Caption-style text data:

----------------

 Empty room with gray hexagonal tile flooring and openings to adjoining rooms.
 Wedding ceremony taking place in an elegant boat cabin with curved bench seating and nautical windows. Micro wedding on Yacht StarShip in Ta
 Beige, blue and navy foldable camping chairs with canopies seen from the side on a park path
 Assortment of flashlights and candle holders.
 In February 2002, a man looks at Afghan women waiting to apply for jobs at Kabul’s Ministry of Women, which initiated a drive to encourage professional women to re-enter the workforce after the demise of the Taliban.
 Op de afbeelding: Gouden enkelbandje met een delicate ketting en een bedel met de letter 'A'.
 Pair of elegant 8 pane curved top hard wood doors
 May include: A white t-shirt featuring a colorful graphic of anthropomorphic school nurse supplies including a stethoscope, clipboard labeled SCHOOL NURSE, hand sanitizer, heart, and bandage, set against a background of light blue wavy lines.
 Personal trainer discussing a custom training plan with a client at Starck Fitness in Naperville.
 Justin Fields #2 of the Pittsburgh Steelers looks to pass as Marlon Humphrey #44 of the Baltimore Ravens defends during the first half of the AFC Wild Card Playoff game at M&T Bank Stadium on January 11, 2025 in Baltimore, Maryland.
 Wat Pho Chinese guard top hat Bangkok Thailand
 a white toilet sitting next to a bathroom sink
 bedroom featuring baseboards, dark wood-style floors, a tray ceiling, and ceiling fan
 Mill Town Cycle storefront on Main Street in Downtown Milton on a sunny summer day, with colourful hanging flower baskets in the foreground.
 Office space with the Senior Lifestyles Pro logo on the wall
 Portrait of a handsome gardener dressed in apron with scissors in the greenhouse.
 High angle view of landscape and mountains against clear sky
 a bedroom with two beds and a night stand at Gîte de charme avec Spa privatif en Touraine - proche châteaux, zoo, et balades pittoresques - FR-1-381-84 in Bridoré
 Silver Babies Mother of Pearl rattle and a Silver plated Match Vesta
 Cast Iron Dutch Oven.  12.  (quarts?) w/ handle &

----------------

What is being asked
Retype only the lines above between the line with "In February 2002, a" and the line with "Pair of elegant", counting those two lines as well, and keep every character as it is.

Answer area
 In February 2002, a man looks at Afghan women waiting to apply for jobs at Kabul’s Ministry of Women, which initiated a drive to encourage professional women to re-enter the workforce after the demise of the Taliban.
 Op de afbeelding: Gouden enkelbandje met een delicate ketting en een bedel met de letter 'A'.
 Pair of elegant 8 pane curved top hard wood doors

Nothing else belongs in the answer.